**Records supplied**
----------------

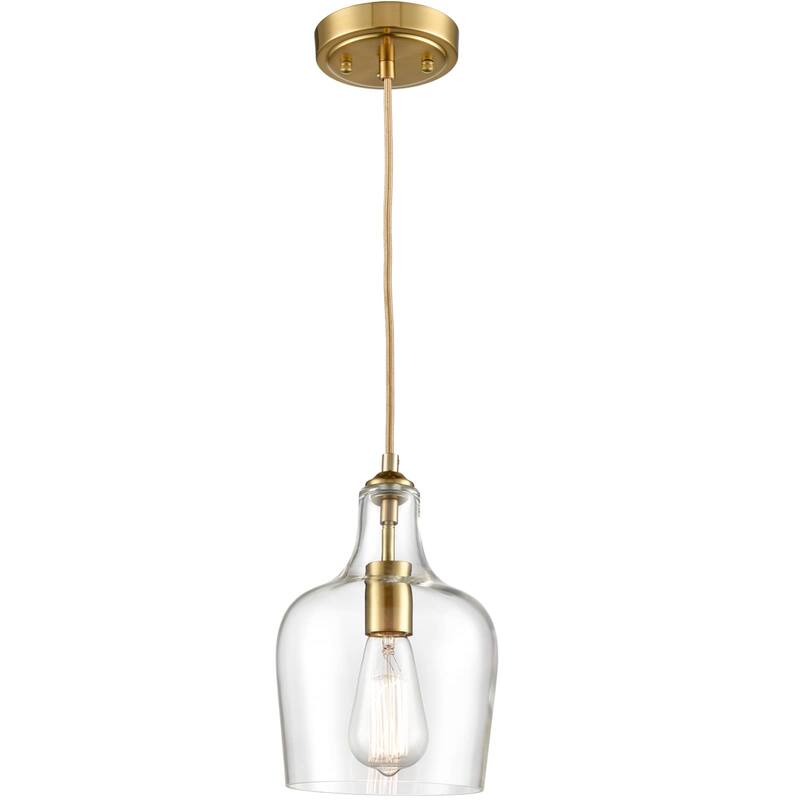 Terzi Modern Gold with Bell Shade Glass Shade Adjustable Pendant Light Fixture, 1-Light - Brass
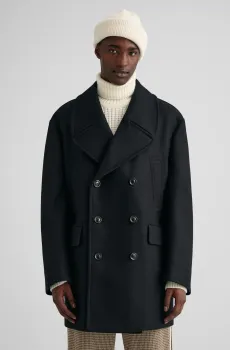 Мужское черное шерстяное пальто OVERSIZED WOOL PEACOAT Черный L Gant 7006258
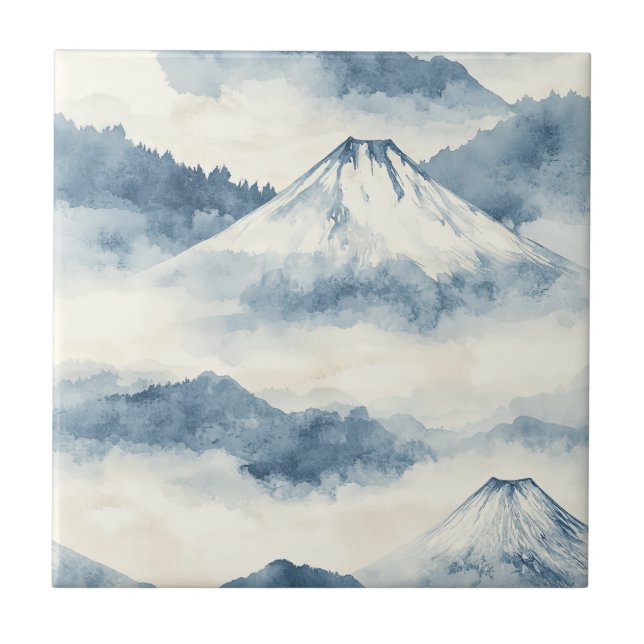 Azulejo Montañas Serenas con Cumbres Nevadas - Azul y Blan (Frente)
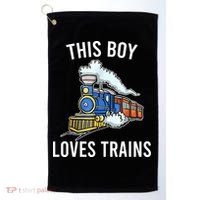 This Boy Loves Trains Gift Train Wagon Lover Gifts Golf Towel thumb 0
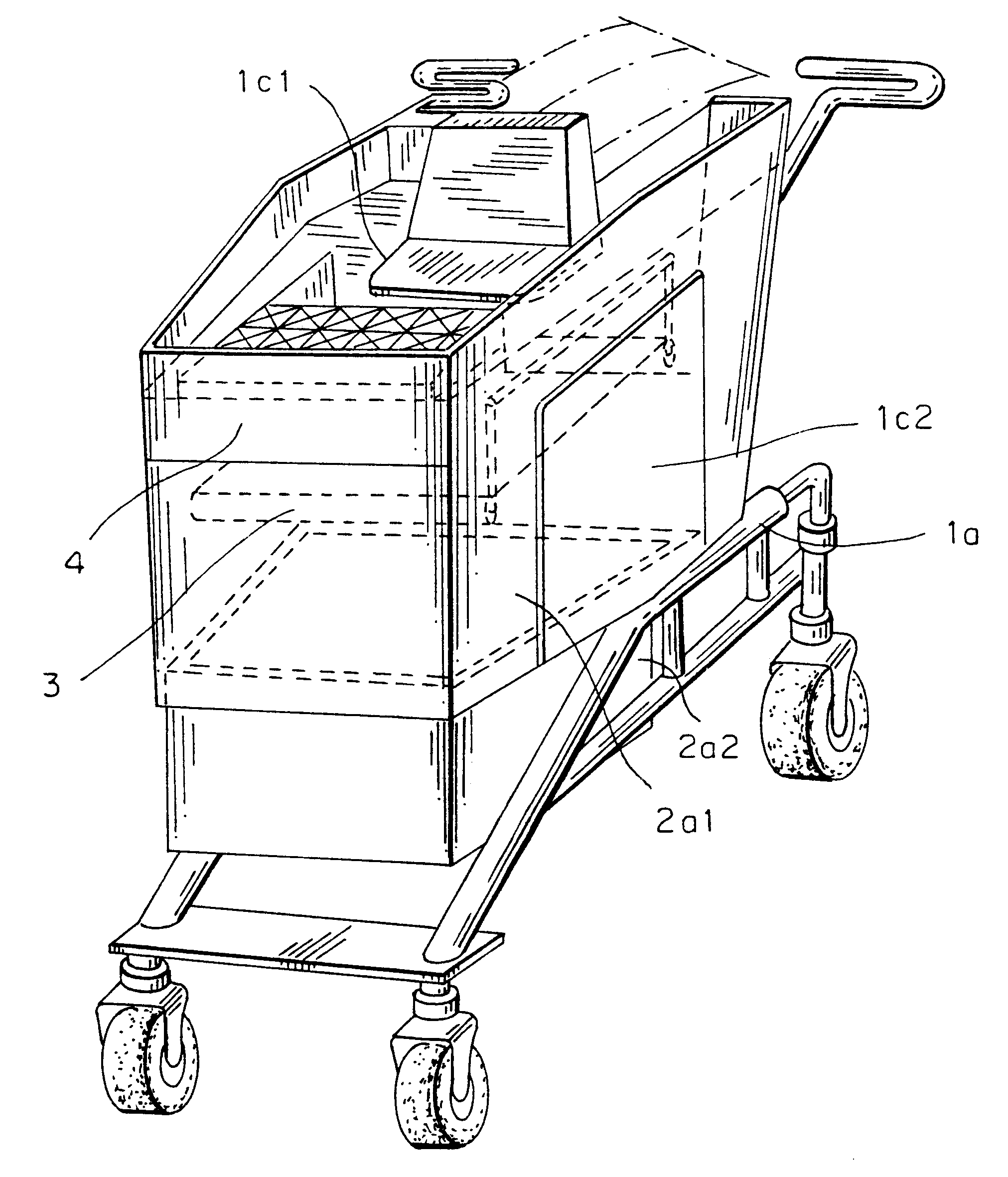 Computerized shopping cart with storage and distribution system, for supermarket use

----------------

**Assignment**
Pictures are to be left out; repeat all the remaining data exactly.

**Your response**
 Terzi Modern Gold with Bell Shade Glass Shade Adjustable Pendant Light Fixture, 1-Light - Brass
 Мужское черное шерстяное пальто OVERSIZED WOOL PEACOAT Черный L Gant 7006258
 Azulejo Montañas Serenas con Cumbres Nevadas - Azul y Blan (Frente)
 This Boy Loves Trains Gift Train Wagon Lover Gifts Golf Towel thumb 0
 Computerized shopping cart with storage and distribution system, for supermarket use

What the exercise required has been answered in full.